Daniel Berke wrote:
White dwarfs are fascinating stellar remnants left over at the end of the lifetimes of many stars. Only about the size of Earth, these tiny objects can potentially be more massive than the Sun. And unlike many of the exotic objects we study in astronomy we have one situated right next door to us! Located a mere 8.6 light-years away, Sirius (the brightest star in the night sky), is actually a binary system. Sirius A, the one we see, is a main sequence A-type star, while its invisible companion Sirius B is a white dwarf. (Sirius B is also affectionately called “the Pup” due to Sirius A being known historically as the “Dog Star.”)
Sirius B was
discovered on January 31, 1862, and was recognized as a white dwarf in 1915, only the second one to be discovered (after 40 Eridani B, as related in
this astrobite). A year later in 1916 Einstein published his theory of General Relativity, with one of its predictions being that light leaving a star should be affected by
gravitational redshift. (This is where light climbing out of a gravitational well loses energy and appears redder.) In 1924 the astronomer Arthur Eddington realized that, since Sirius B was so small and dense, it should show a measurable gravitational redshift. This was measured for the first time in 1925 by Walter Adams at the Mt. Wilson Observatory and considered a big success for General Relativity. (Although we now know that both the predicted and measured shift were about four times too low; it’s speculated that the spectra of Sirius B may have been contaminated by light from Sirius A which is very nearby on the sky.)
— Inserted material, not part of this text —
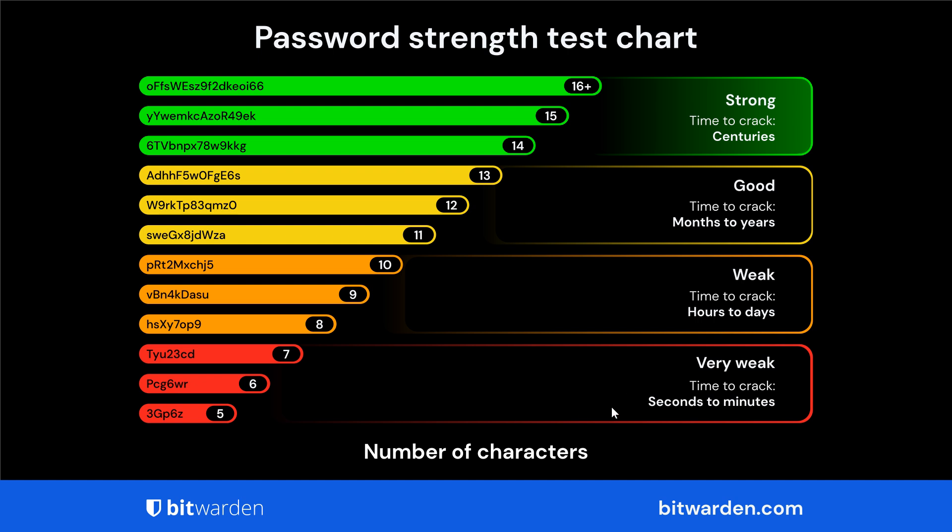Here we can see the fewer characters — very weak — and the more characters — strong, which takes centuries to crack according to Bitwarden. Now password entropy is measured in bits, which is the basic unit for measuring information in computing, as you may well know. Obviously the more bits the better. According to research, entropy should be at least 64 bits, and the higher the entropy, the more random your password is, as we can see in the chart provided.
By measuring the gravitational redshift of a star with a known radius we can also measure its mass, since for a typical stellar object (i.e., not a neutron star or black hole) the gravitational redshift depends only on those two quantities. We can measure the distance to Sirius B using its parallax very well since it’s so nearby, and by measuring its luminosity (based on its brightness and temperature) we can work out its radius. We can also measure its mass dynamically, by observing how it and Sirius A orbit around their common center of mass and applying Kepler’s laws of orbital motion, but there’s a small problem: estimates of Sirius B’s mass based on measurements of its gravitational redshift have historically differed from its dynamically-measured mass by about 10% (to be clear, this is from new measurements taken after the original ones were realized to be wrong).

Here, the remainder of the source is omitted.